Ebertfest 2014: ‘Young Adults’ sometimes never mature

Although one is allowed, at least at my home, to slip into childhood now and again, especially at a comic book convention, there are some people who don’t need a vacation from adulthood because they failed to move forward out of high school and teenage dreams. You might know some of these people who still want to party like they did in high school away from their parents or in college, often on their parents’ dime, even as they leave their twenties and enter the workforce.

The movie “Young Adult” is about one such monster in the form of the former prom queen Mavis Gary, played with a fearless abandon by Charlize Theron. Gary has had moderate success as the ghostwriter for a young adult book series at a time when most young adults don’t read books. She left the small town of Mercury for the Mini Apple (Minneapolis), got married and divorced. She wakes up in a stupor next to some guy she picked up the night before but what shakes her out of her boozy bed-hopping routine is an email with a baby announcement. Her ex-boyfriend and his wife have just had a baby. That baby, Mavis believes, should have been hers, and she and her ex (Patrick Wilson) are meant to be, but another old school mate, Matt (Patton Oswalt) clearly sees that Mavis has gone mental.
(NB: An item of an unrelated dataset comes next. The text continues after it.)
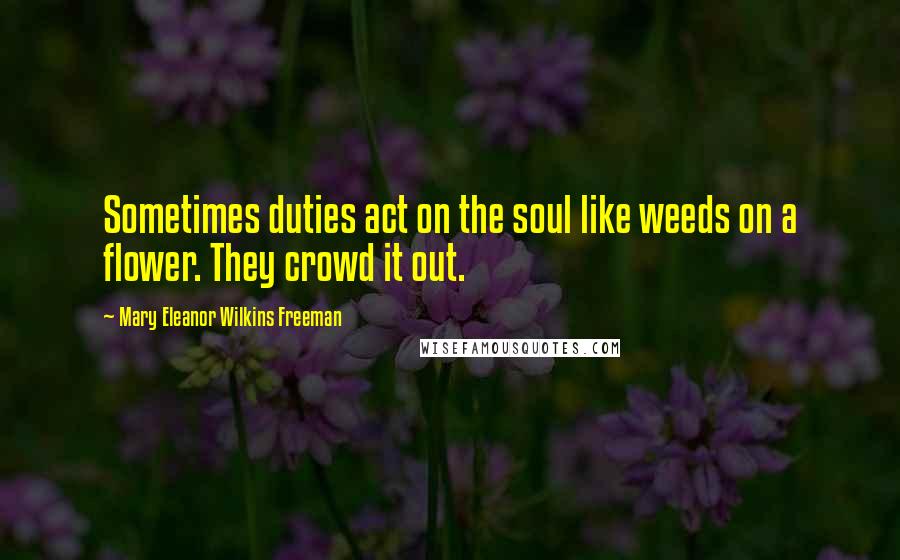 Mary Eleanor Wilkins Freeman Quotes: Sometimes duties act on the soul like weeds on a flower. They crowd it out.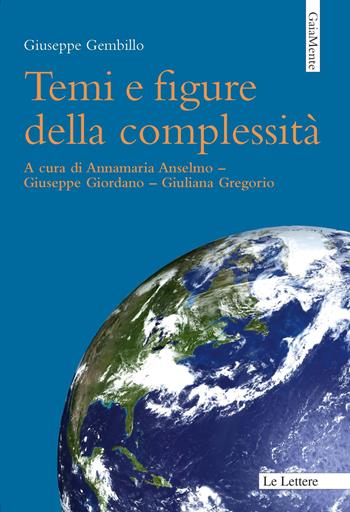 Temi e figure della complessità - Giuseppe Gembillo - Libro Le Lettere 2021, GaiaMente | Libraccio.it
Matt didn’t even register with the golden girl prom queen that Mavis was although their lockers were next to each other. To Mavis Matt was “the hate crime guy,” the victim of a vicious attack by a goon squad of football players who mistakenly believed he was gay. That left Matt with a gimpy leg and slight sexual dysfunction. He’s also a home brewer of artisanal booze that Mavis happily guzzles instead of respectfully sipping.

Director Jason Reitman bravely doesn’t allow Theron to give Mavis any redeeming qualities. She’s beautiful, but only looks her best at night. She might have been envied during high school when selfishly scheming to get a guy was considered the pastime of the popular crowd, but in small town hicksville of married couples, she’s an object of pity. The movie would have been unbearable without the character of Matt and Patton Oswalt as the overweight outcast ranges from snarky funny to guarded and finally to tenderly tentative in his exchanges with Mavis.

In the Q&A that followed, Oswalt riffed on action figures and Star Wars as well as owning a French bulldog. His Grumpus, a fawn-colored dog with a black mask is the cutest dog but suffers from the worst design. “All it does is fart and die slowly.” French bulldogs “adorably die slowly.”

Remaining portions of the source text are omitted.